The following excerpt was written by Dan back in June 2006. Dan showed that a lack of trust in the sufficiency of Scripture makes people vulnerable to numerous spiritual dangers.
Think about it. Why buy anything, if you're happy with what you have? Why even shop? A salesman either has to find you discontented, or make you that way, if he wants to make a sale.
Now, sometimes the discontentment is legitimate and undeniable. Your washing machine broke, you need a new one. Your roof leaks, your car keeps breaking down, your clothes are becoming too revealing. You're "discontented" with being smelly, wet, stranded, and indecent. Nobody needs to talk you into looking for something new. For that matter, our conversion to Christ springs from a God-given "discontentment" with being lost, under sin, separated from God.
But what if what you have is really okay? What does the salesman do then? He has to convince you, somehow, that it is not okay. He has to persuade you that you'd be a lot more productive with a faster computer, that you'd be a lot more attractive if you bought his line of clothes/cologne/shoes, that you deserve a better car. Then what you thought was pretty decent doesn't look so hot anymore. You're discontented, and now you're vulnerable to a good sales pitch.
It's also Satan's favorite tool. And why should Satan even imagine changing his tactics when we, gullible fools that we are, have fallen for it again and again for thousands of years?

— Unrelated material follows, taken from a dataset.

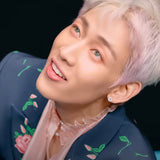 [GOT7] Snow Solitary Earrings (Silver) (6653811294326)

So how can anyone counter this appeal to discontentment?
In Colossians, not only does Paul lay down solid teaching about the person and work of Christ, he also dwells on ways to make personal use of the truth. Chief among these is thankfulness. Again and again Paul either expresses gratitude, or says that all believers should be grateful, should give thanks. We see it at least in 1:3, 12; 2:7; 3:15-17; and 4:2.
Thankful people are people conscious of, and glorying in, the riches they possess. Thankful people are contented people. Contented people are immune to salesmen, whether they be peddlers of baubles and trinkets, or of false doctrine.
And so, Paul's centering on, and glorying in, the supremacy and all-sufficiency of the Lord Jesus Christ would have to flush out the false teacher. If the letter left believers rejoicing in Christ alone, grounded solidly in apostolic teaching, and uninterested in all the false teacher's supplements and additions, he was sunk. He'd have to expose himself more fully, speak more plainly. He'd have to put Christ and His work down, and put up his own additions more. He has to convince folks that what they have is not good enough.
But if God's word is everything the triune God says it is, then where is the rationale for endowing our emotions, our hunches, our intuitions, our peculiarities, with sacred and canonical status?
All we have is that Bible out there, that everyone else can see, study, learn, and meditate over just as surely as we. We have to agree with the Holy Spirit that it is what He said it was: sufficient (Deuteronomy 29:29; Psalm 119; 2 Timothy 3:15-17, etc. ad inf.), and we study it to know His mind (2 Timothy 2:7). We're on a level playing field; we have no mystical "gotcha" from God.
While itself a very liberating truth (John 8:31-32), to some it is threatening. It signals a sea-change, a paradigm-shift. It engenders panic, and panicky measures and expostulations.
But I'd point out to any and all the common factor in all of these.
Every teaching that denies Christ's divine glory begins by praising Him, and denies that it is a denial.
Every teaching that denies God's grace starts by praising it, and denies that it is a denial.
Every teaching that denies God's word starts by praising it, and denies that it is a denial.
The answer is believingly to relish what God has given us, make much of it, and just say "No thanks -- really don't need it" to supplements and substitutes.